>>

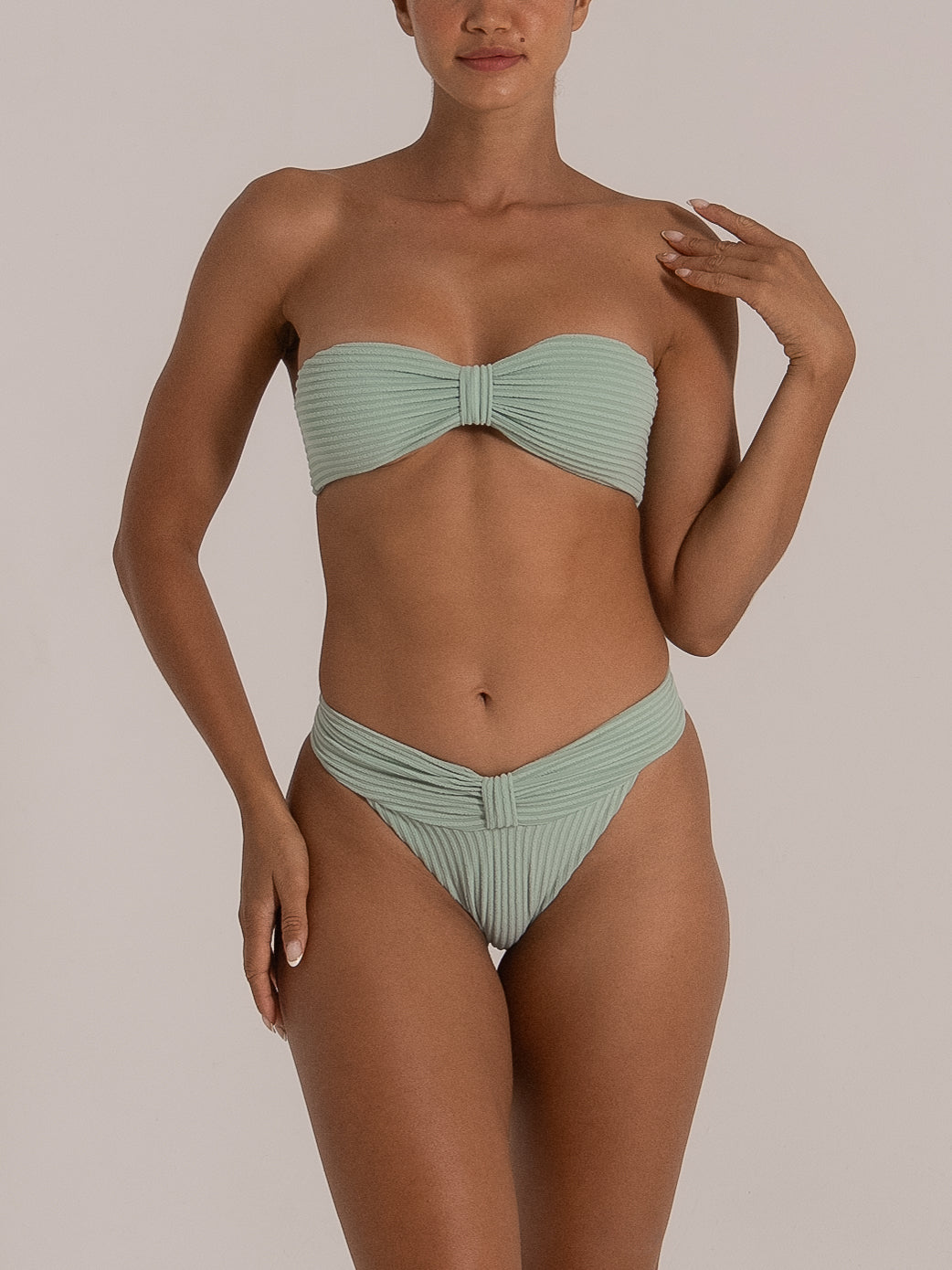 Front view of mint green bandeau set with twist-knot bikini bottom in ribbed material.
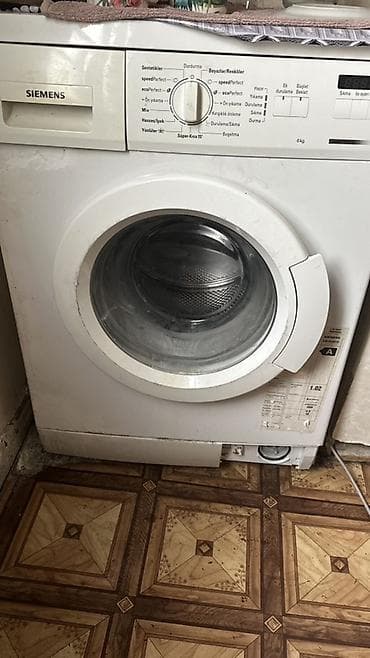 demir qapi darvaza: Siemens önyükləməli paltaryuyan maşın - Yük tutumu: 6 kq - Enerji — 1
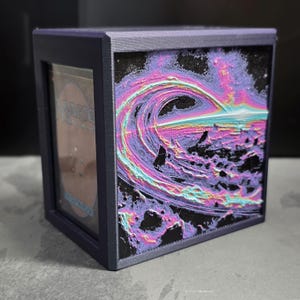May include: A dark purple card display box with a colorful, abstract wave design on the front. The wave features shades of pink, purple, and blue against a black background. The box has a clear panel to view the card.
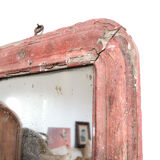 Old mirror in red wood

<<

--- Assignment ---
Copy the full listing above exactly, apart from the pictures.

--- Response ---
 Front view of mint green bandeau set with twist-knot bikini bottom in ribbed material.
 demir qapi darvaza: Siemens önyükləməli paltaryuyan maşın - Yük tutumu: 6 kq - Enerji — 1
May include: A dark purple card display box with a colorful, abstract wave design on the front. The wave features shades of pink, purple, and blue against a black background. The box has a clear panel to view the card.
 Old mirror in red wood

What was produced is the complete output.